Antimicrobial Resistance and Infection Controlvolume 2, Article number: O78 (2013)
The national German hand hygiene (HH) campaign “AKTION Saubere Hände” started at January 1st 2008. The campaign is based on the WHO “Clean Care is Safer Care” campaign and is funded for six years be the German ministry of health. By March 2013, over 1300 health care institutions are actively participating.
We present data on the development of observed compliance rates, alcohol based hand rub consumption (AHC) and hand rub dispenser availability over the campaign period.
All participants have to implement a multimodal intervention program. Among other parameters, they have to collect the following data: AHC, hand rub dispenser availability and on a voluntary basis observed compliance data. All three parameters are collected using a defined data collection tool. Observers are trained by the campaign team members. AHC is given unit based yearly in ml per patient day. Hand rub availability is defined as one dispenser per ICU bed and per two non-ICU beds. The definition of HH opportunities (HHO) is based on the WHO Model “My 5 moments of hand hygiene”. Observations were done before intervention and after interventions. A minimum of 200 observations per unit was defined.

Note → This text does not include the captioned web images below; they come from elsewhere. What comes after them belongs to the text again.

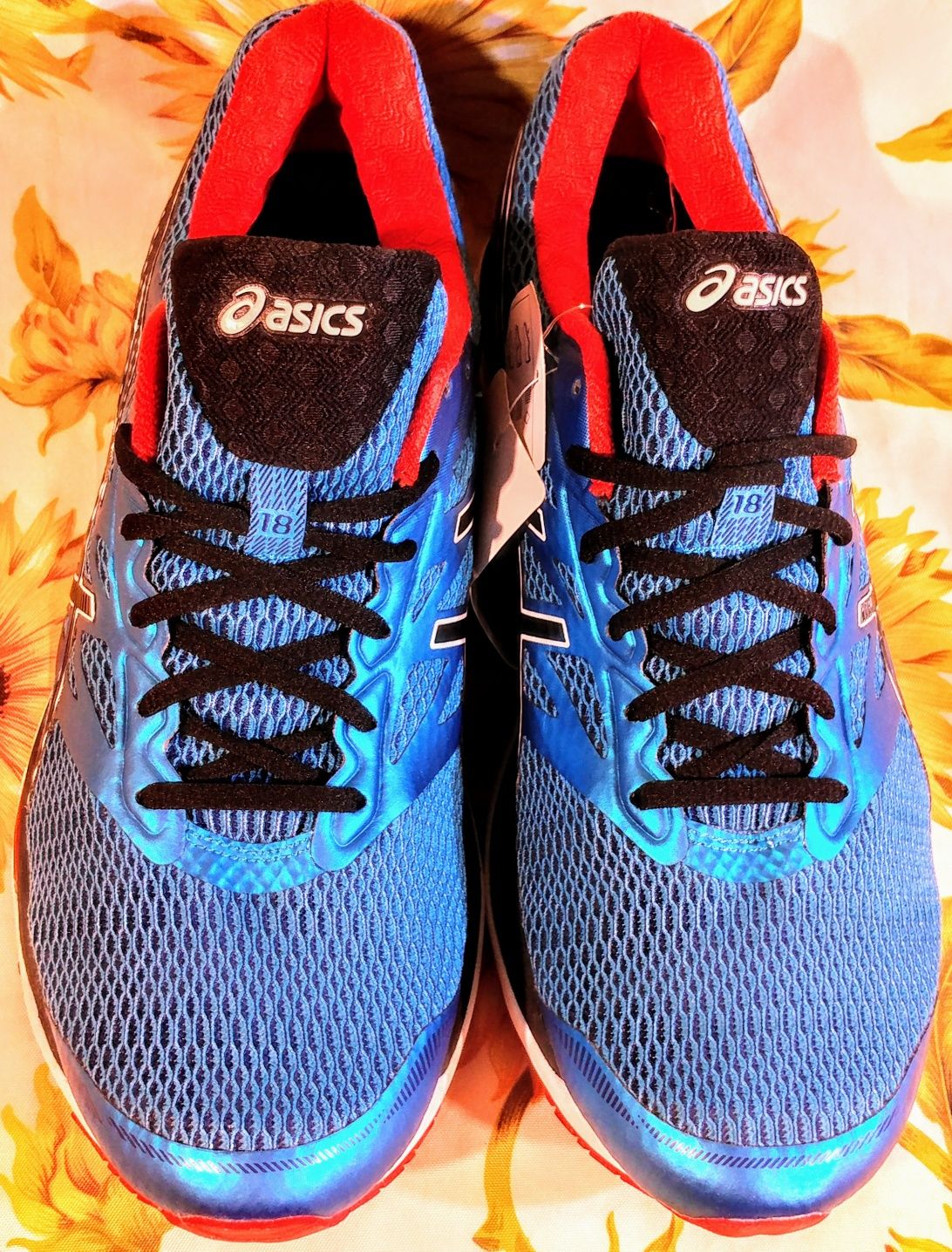 ** adidași *ASICS.CUMULUS18* 43.5*reducere *Original !!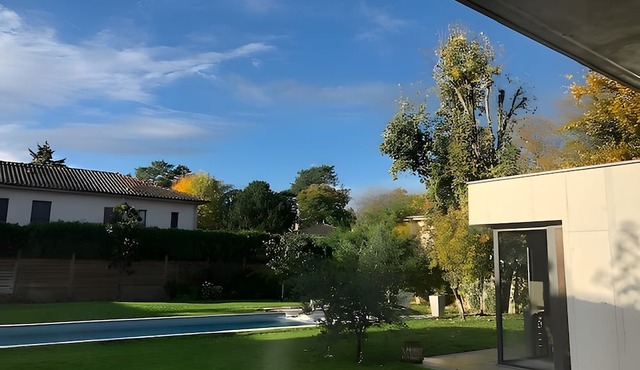 Bed and Breakfast 'Chambres Contemporaine' with Shared Pool, Shared Terrace and Shared Garden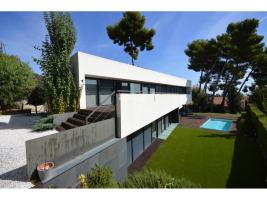 Detached house, 455.00 m², almost new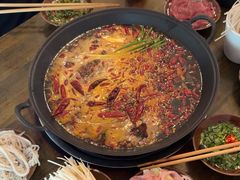 -黄潇洒老火锅(九眼桥宏济巷店)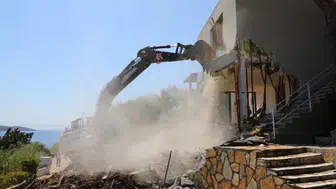 Bodrum’da kaçak yapılaşmaya geçit yok : 8 ayda 74 yapı yıkıldı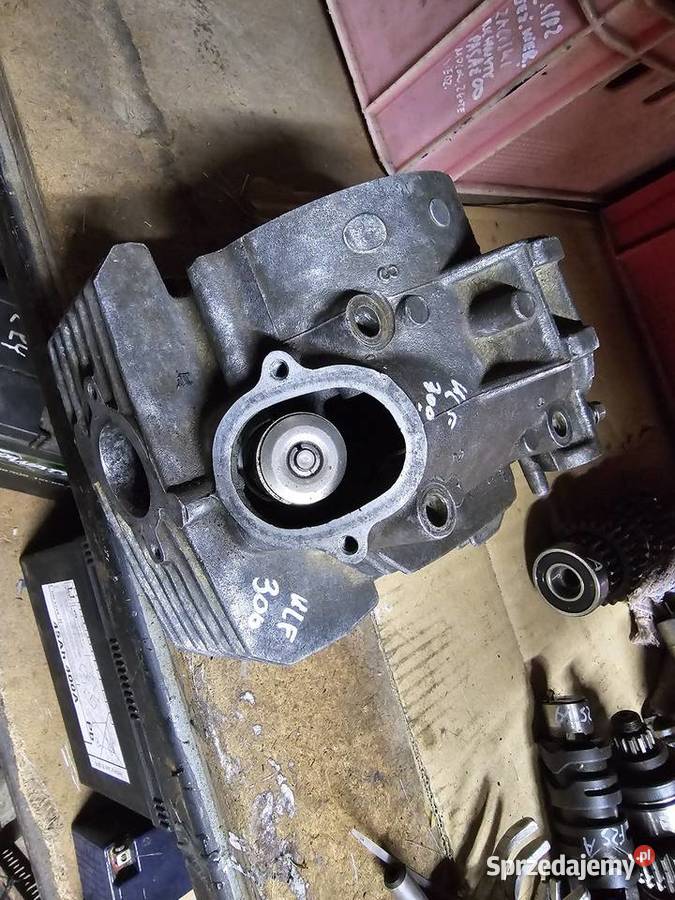 Kawasaki klf 300 2x4 głowica zawór zawory klf300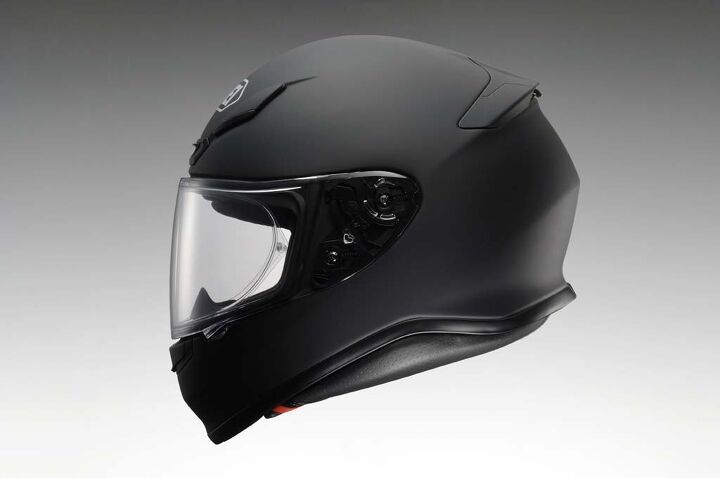 The RF-1200 has refined its lines, tucking the chin and back in closer to the rider’s head.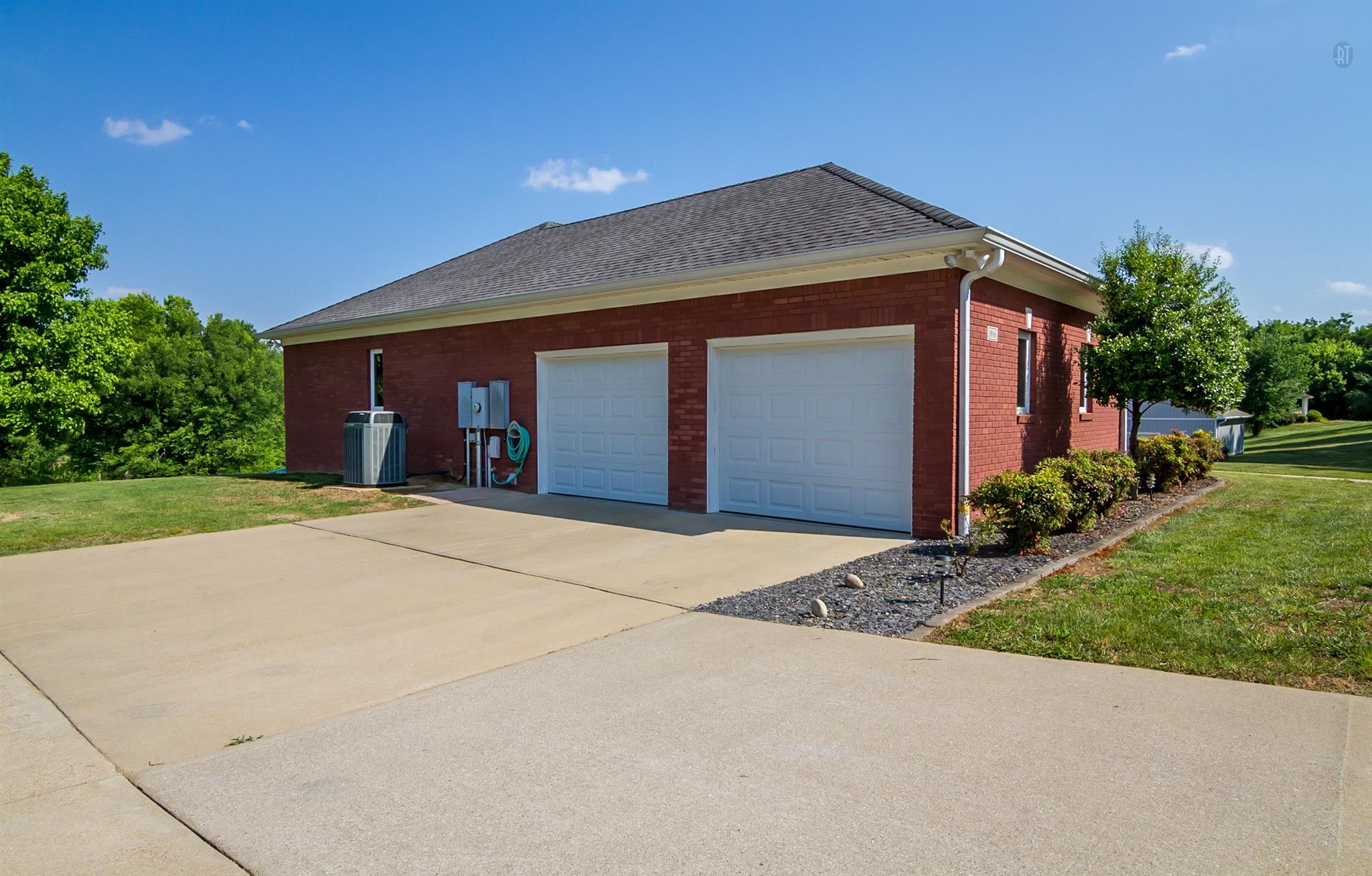 1016 Tom Osborne Road Columbia, TN 38401 - Photo 3 of 23 Gallery Image 3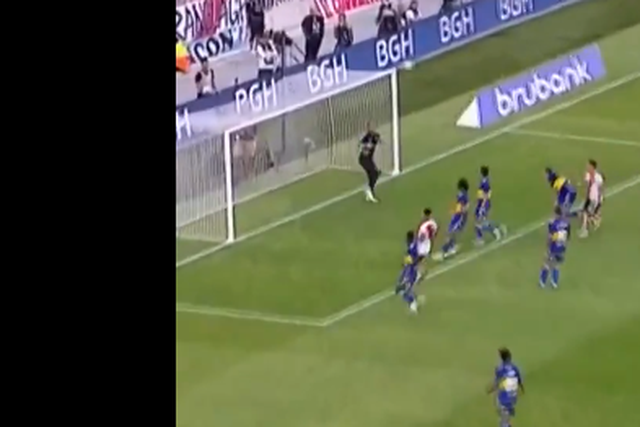 O que raio foi isto? A jogada 'fantasma' na Argentina que ninguém entende (vídeo)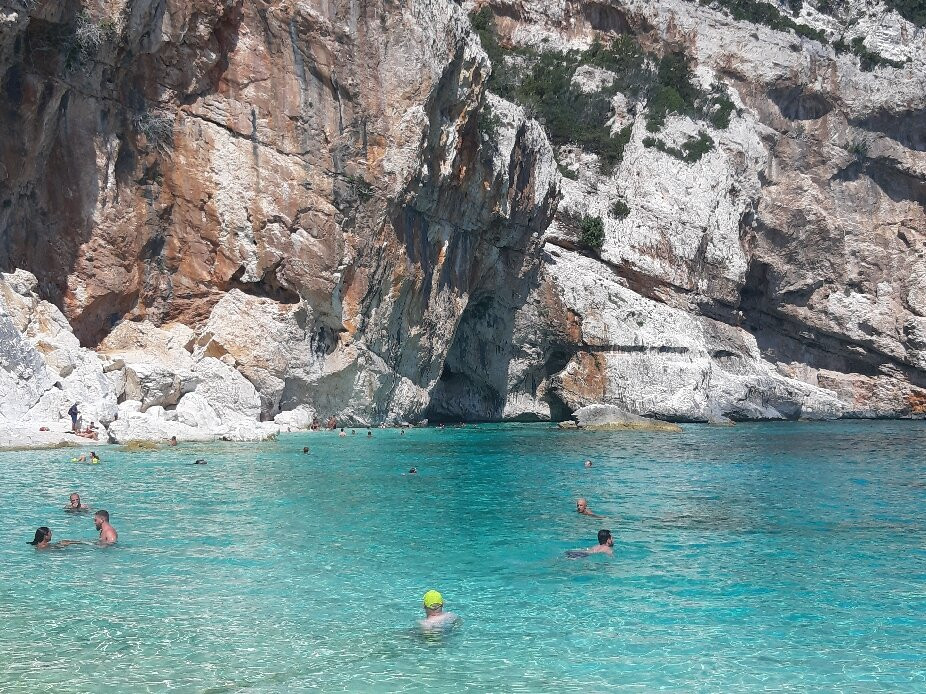 卡拉马里奥路海滩-Baunei必去景点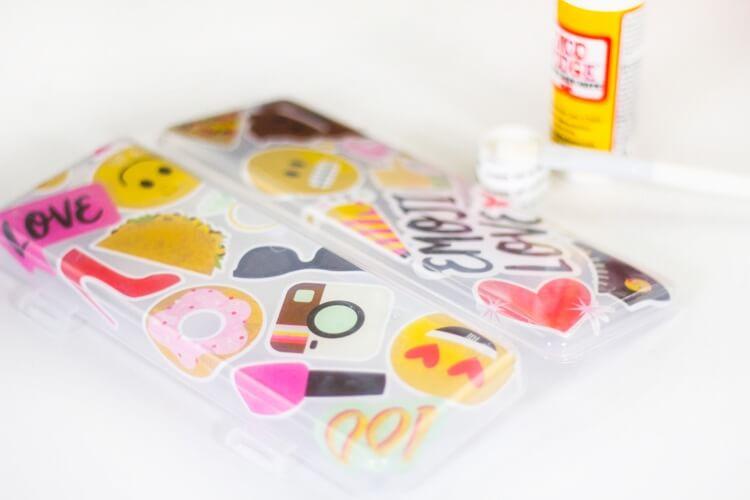 des-idées-de-bricolage-pour-la-rentrée-scolaire-emojis-trousse-personnalisée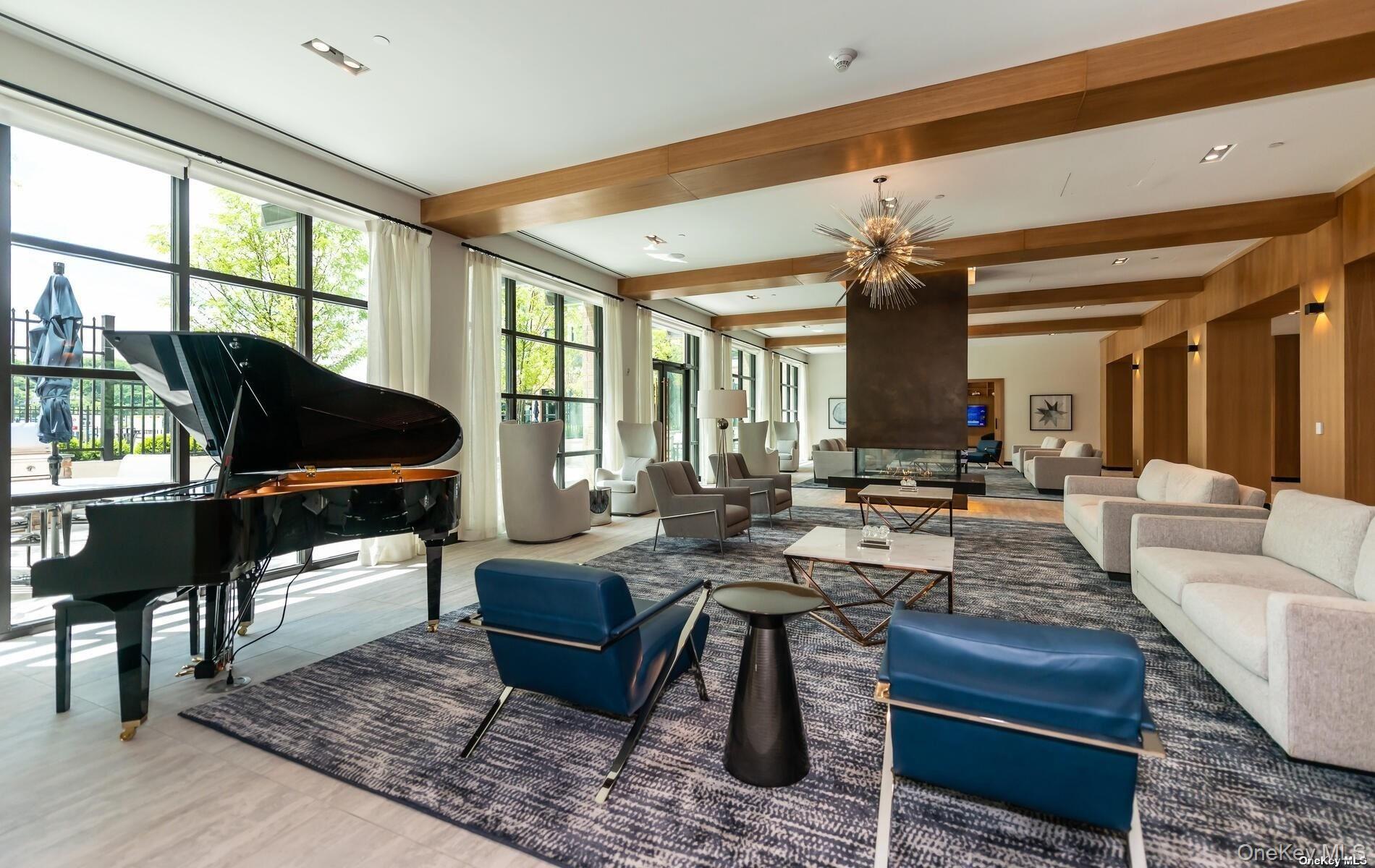 100 Garvies Point Road # 1014, Glen Cove, NY 11542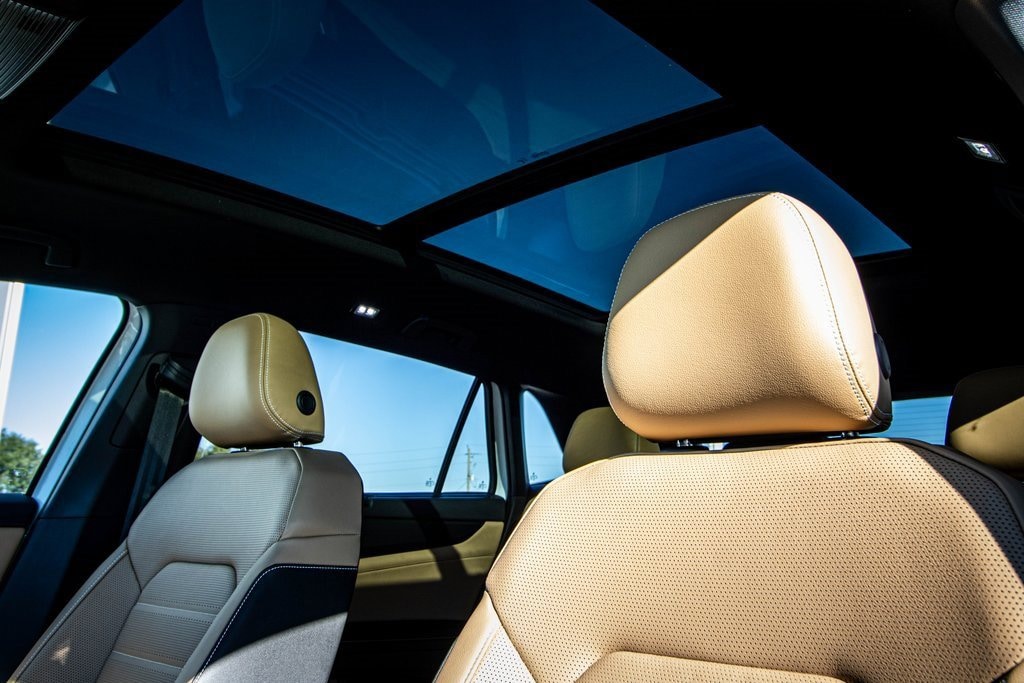 New 2026 Volkswagen Atlas Cross Sport 2.0T SEL R-Line Black SUV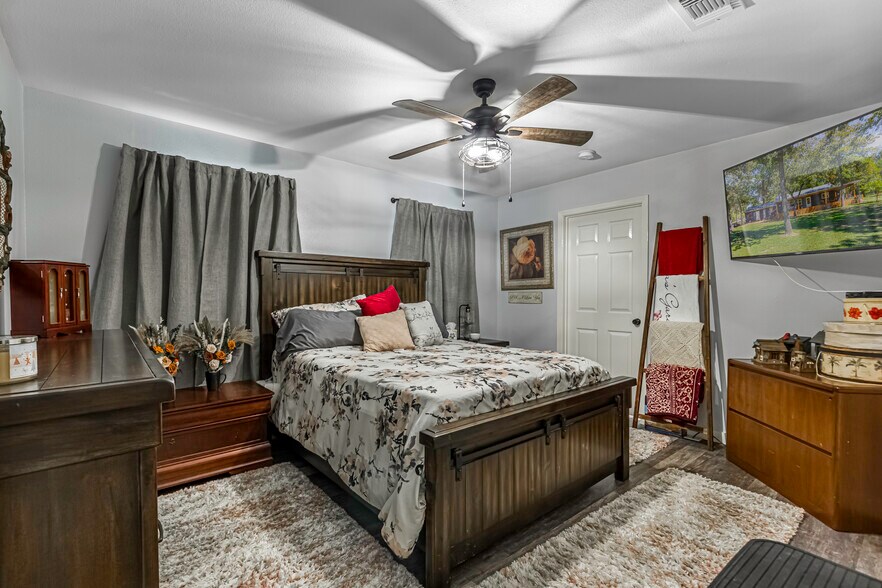 More Photos Of 20064 Private Road 3186, Marquez Specialty For Sale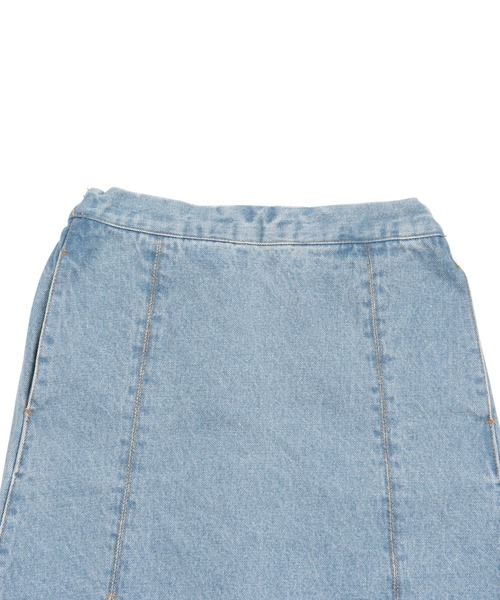 PUNYUS（プニュズ）の「フリンジデニムミニスカート（デニムスカート・レディース・ライトブルー/ブラック・1/2/3/4）」の11枚目の写真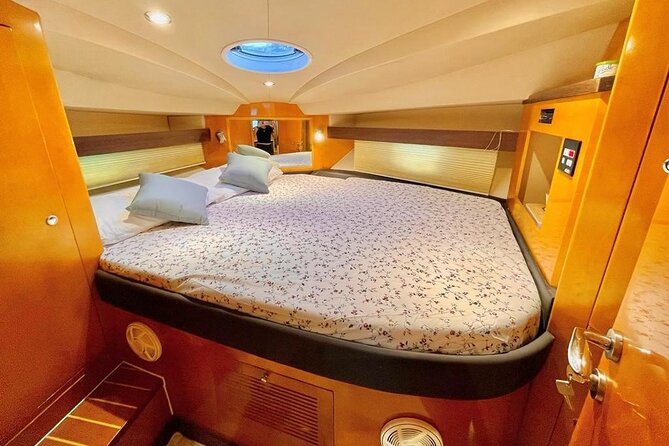 Dubai Marina Yacht Tour - Who will enjoy this yacht trip most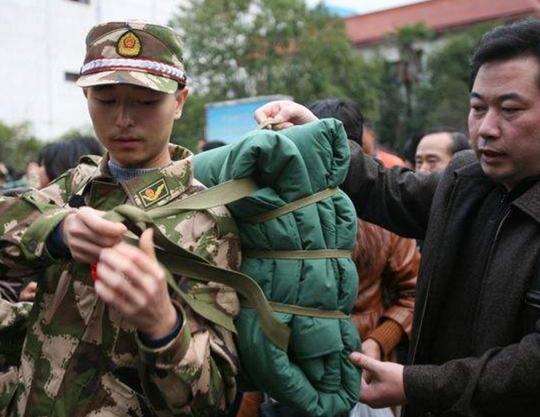 新兵入伍有人欢喜有人忧,不是愁眉苦脸就是迷茫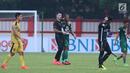 Pelatih Bhayangkara FC, Simon Mc Menemy (kedua kiri) berbincang dengan pemain Persebaya, David Aparecido Da Silva usai lanjutan Go-Jek Liga 1 Indonesia bersama Bukalapak di Lapangan PTIK, Jakarta, Rabu (11/7). (Liputan6.com/Helmi Fthriansyah)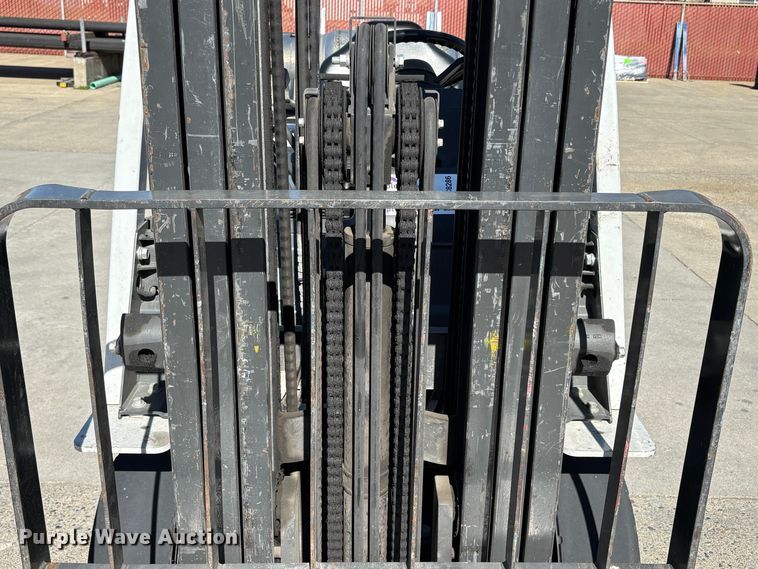 image for item EC8286 2017 UniCarriers PF50 forklift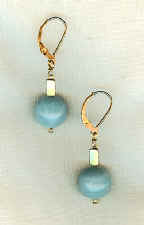 ear_BlueBall.jpg (221666 bytes)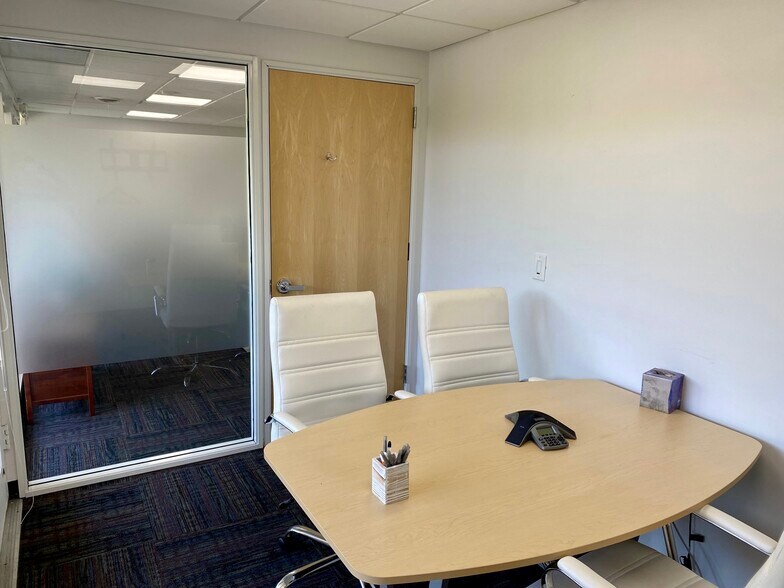 More Photos Of 2181 Park Blvd, Palo Alto Office For Lease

There are 1300 health care institutions participating in the campaign by March 2013. Among those are 815 hospitals (45% of all hospitals in Germany), 66 rehabilitation clinics, 242 long term care facilities and 183 outpatient care facilities. There was an increase of AHC of 47,5% (p<0,001) in 166 hospitals that provided AHC data consecutively from 2007 to 2011. Hand rub dispenser availability increased to over 90% in non-ICU’s and to over 100% in ICU’s (p<0,001). Compliance increased from 64% before to 74% after one intervention in 82 hospitals with 249 units (136205 HHO’s) (P<0,001). 6 hospitals with 25 units have observed over four periods. Observed HH compliance increased from 60% at baseline to 71,2% after four observation periods (p<0,001).
Hospitals participating in the campaign have to implement a multimodal intervention program. The increase of AHC and observed compliance show, that the multimodal intervention program based on the WHO strategy led to improved HH compliance.